Only Israel can “inject into them a feeling of being Jewish,” Dayan told the World Assembly of Jewish War Veterans here. He claimed that except for the Orthodox, it was becoming increasingly difficult to distinguish between Jews in Western countries and their non-Jewish neighbors in either their lifestyles or thought processes.

Dayan noted that aliya figures were low and conceded that there were many unattractive features about life in Israel. But it is the very blemishes that should serve as a challenge to Jews to come to Israel and play a part in correcting them, he said. He suggested that “a major part” of the funds raised for Israel by Jews abroad should be channeled into projects to bring young Jews to the country for varying periods to make them aware of the “living history of the land.”
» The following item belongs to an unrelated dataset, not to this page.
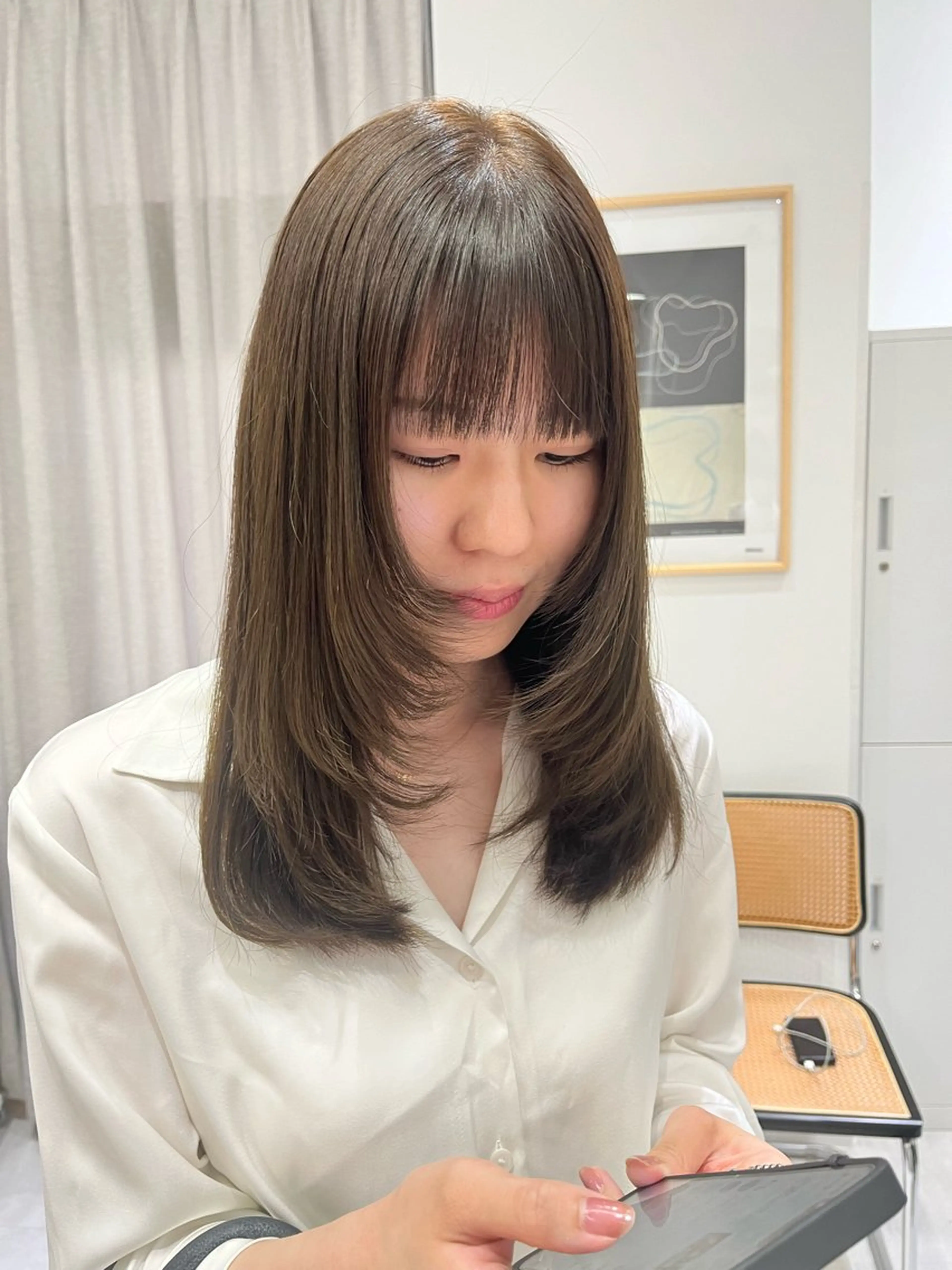 セミロング ヘアカラー zina藤崎📛 井上美乃里のヘアスタイル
DULZIN REFUTES SOVIET ALIYA CLAIMS

Jewish Agency treasurer Leon Dulzin, addressing the same session of the war veterans’ assembly, refuted Soviet claims that aliya was down because Soviet Jews were no longer interested in emigrating to Israel. According to Dulzin, there are some 180,000 visa applications pending in the USSR but only 9000 Soviet Jews were permitted by the authorities to leave during 1975.

He said about 50,000 affidavits were sent from Israel to Jews in the Soviet Union in 1975 at the request of Jews seeking exit visas. He said the affidavits bore witness to family ties between the applicants and their relatives in Israel and helped people leave under the family reunification program which the Soviets say they honor.

Dulzin disclosed that since 1970,120,000 Jews left the Soviet Union and 106,000 of them came to Israel. Of the latter, about 5000 left subsequently to settle elsewhere. Dulzin said the World Conference on Soviet Jewry to be held in Brussels next month, would seek to open the gates wider for Russian Jews wishing to leave.